Cultural Psychology Study: Liberals and Conservatives Think as if From Different Cultures

Thomas Talhelm, doctoral candidate in cultural psychology
Thomas Talhelm, doctoral candidate in cultural psychology
Sanjay Suchak / University Communications

Political conservatives in the United States are somewhat like East Asians in the way they think, categorize and perceive. Liberals in the U.S. could be categorized as extreme Americans in thought, categorization and perception. That is the gist of a new University of Virginia cultural psychology study, published recently in Personality and Social Psychology Bulletin.

Additionally, the study indicates that thought styles – whether analytical or holistic – can be changed through training, enough so to temporarily change political thought and the way a person might vote.

“We found in our study that liberals and conservatives think as if they were from completely different cultures – almost as different as East and West,” said study leader Thomas Talhelm, a U.Va. doctoral candidate in cultural psychology. “Liberals and conservatives categorize and perceive things differently, just as East Asians and Westerners look differently at the world.”

According to Talhelm, political conservatives in the United States, generally, and East Asians, particularly, are intuitive or “holistic” thinkers, while Westerners, generally, and American liberals, in particular, are more analytical thinkers.

The so-called “culture war,” he said, is an accurate if dramatic way to state that there are clear cultural differences in the thought processes of liberals and conservatives.

“On psychological tests, Westerners tend to view scenes, explain behavior and categorize objects analytically,” Talhelm said. “But the vast majority of people around the world – about 85 percent – more often think intuitively – what psychologists call holistic thought, and we found that’s how conservative Americans tend to think.”
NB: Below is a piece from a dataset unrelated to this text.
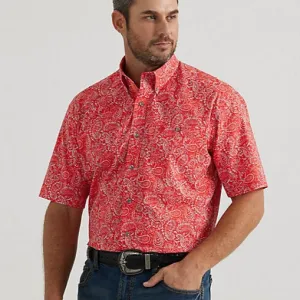 Wrinkle Resistant Wrangler Men's George Strait S/S Button Down Shirt in Fiesta Red Paisley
Holistic thought more often uses intention and the perception of whole objects or situations, rather than breaking them down to their parts – such as having a general feeling about a situation involving intuition or tact.

Analytic thinking styles tend to look at the parts of a situation, and how they work together toward the whole. This involves “slicing up the world and analyzing objects individually, divorced from context,” Talhelm said.
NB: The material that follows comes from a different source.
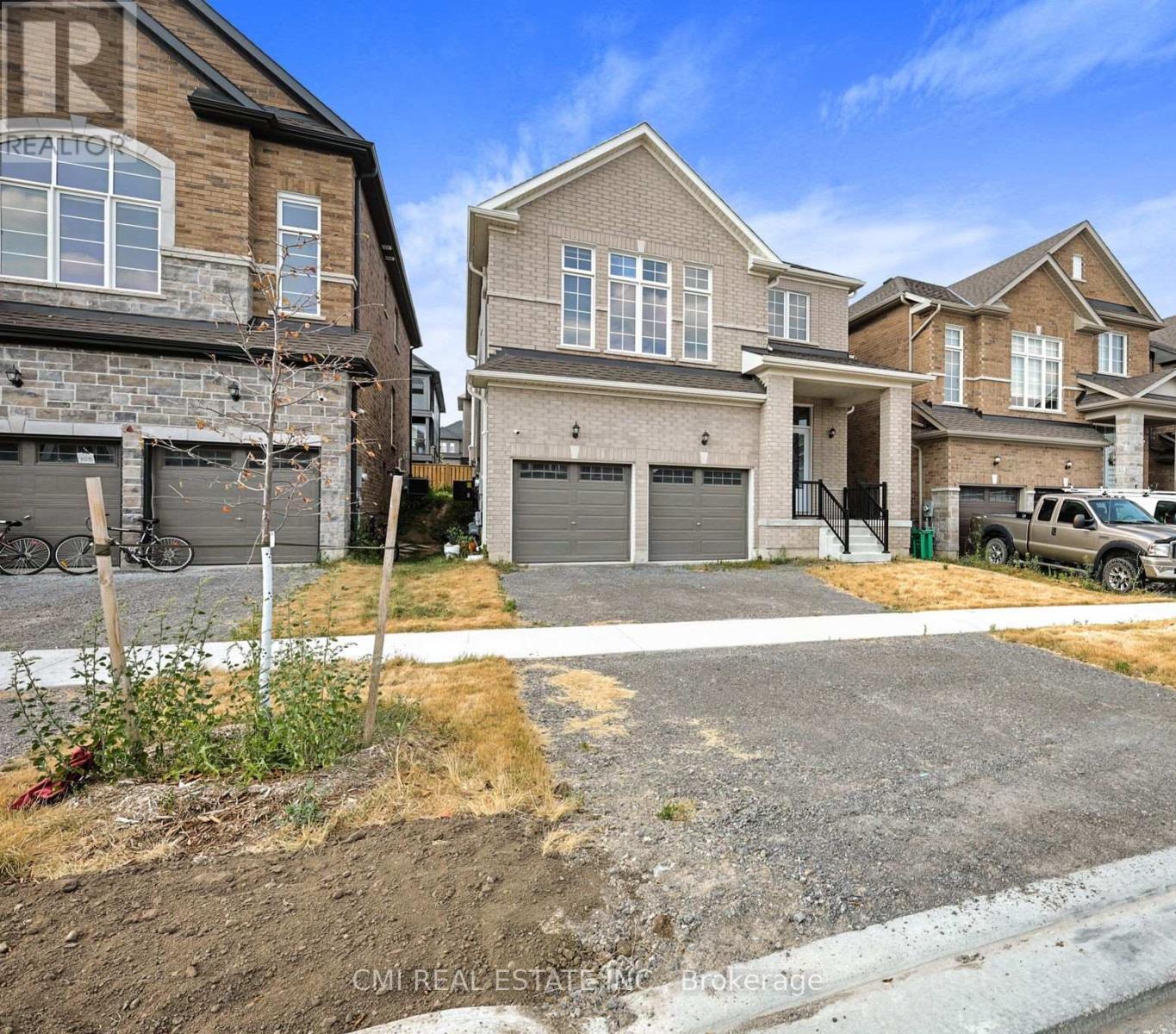 101 York Drive, Peterborough, ON - Outdoor With Facade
Studies show that analytical thinkers predominate in Western, educated, industrialized, rich and democratic societies (termed “WEIRD” societies in 2010 by a team of cultural psychologists at the University of British Columbia). But they make up only about 15 percent of the world’s population.

So in a WEIRD society, such as the United States, analytically thinking liberals are “extreme Americans,” Talhelm said, in the sense that they are particularly disinclined to think in the style of a vast majority of the rest of the world, including their holistic-thinking conservative countrymen.

There is value in both ways of thinking, Talhelm said. Intuitive thinking likely is the “default” style most people are born with, while analytical thinking generally must be learned, usually through training, such as in Western-style school systems.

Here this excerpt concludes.